REFAH Partisi kapatılmış, Fazilet Partisi yeni kurulmuştu. Ben o
yıllar Radikal gazetesinin Ankara Temsilcisi'ydim.
Radikal’in Ankara İstihbarat Şefi İsmet Demirdöğen ve Fazilet
Partisi muhabiri Ergun Aksoy’la birlikte söyleşi yapmak için
partinin genel başkanı Recai Kutan’a gittik. Söyleşi boyunca Cemil
Çiçek de bizimle beraberdi.
İşte o mülakatta Recai Kutan ilk olarak söyledi ‘Biz Türkiye’nin zencisiyiz’ sözünü. Bu söz çok tuttu; izleyen yıllarda Cumhurbaşkanı Recep Tayyip Erdoğan’dan da defalarca duyduk, ‘Biz Türkiye’nin zencileriyiz’ cümlesini.
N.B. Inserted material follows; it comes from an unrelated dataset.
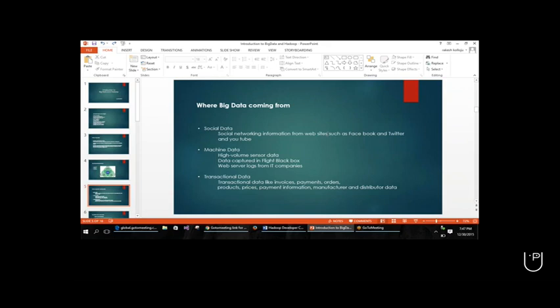That is the reason why if you open Facebook you can see advertisements on the site. These advertisements will be different for each user. Whatever you like - suppose if I like some fashion accessories pages - in the advertisements I will mostly be getting ads related to fashion accessories, fashion-related websites. Based on the user experience you will be getting the advertisements. So more data is coming from Facebook, Twitter, and YouTube. All that is big data. We call that social data.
AŞAĞIDAKİLER-YUKARIDAKİLER
Ne demek ‘Türkiye’nin zencisi’ olmak?
Her bakımdan aşağı görülen olmak demek. Toplumda birilerinin ‘aşağı’da görülmesi için birilerinin de kendilerini ‘yukarıda’ görüyor olması gerek. Peki kim bu ‘yukarıdakiler’?
Türkiye, Marksist sınıf analizleriyle anlaşılması kolay olmayan bir toplum; çünkü bizde sınıfsallık sadece ekonomik temeller üzerinde yükselmiyor. Ve diyelim Britanya’daki gibi neredeyse bir kader haline gelmiş bir ‘sınıflı toplum’ da değil bizimkisi; sosyal mobilizasyon imkânları çok yüksek, bir çeşit ‘Amerikan rüyası’nın ‘Türk rüyası’ olarak sıklıkla yaşanmaya devam ettiği bir toplum burası.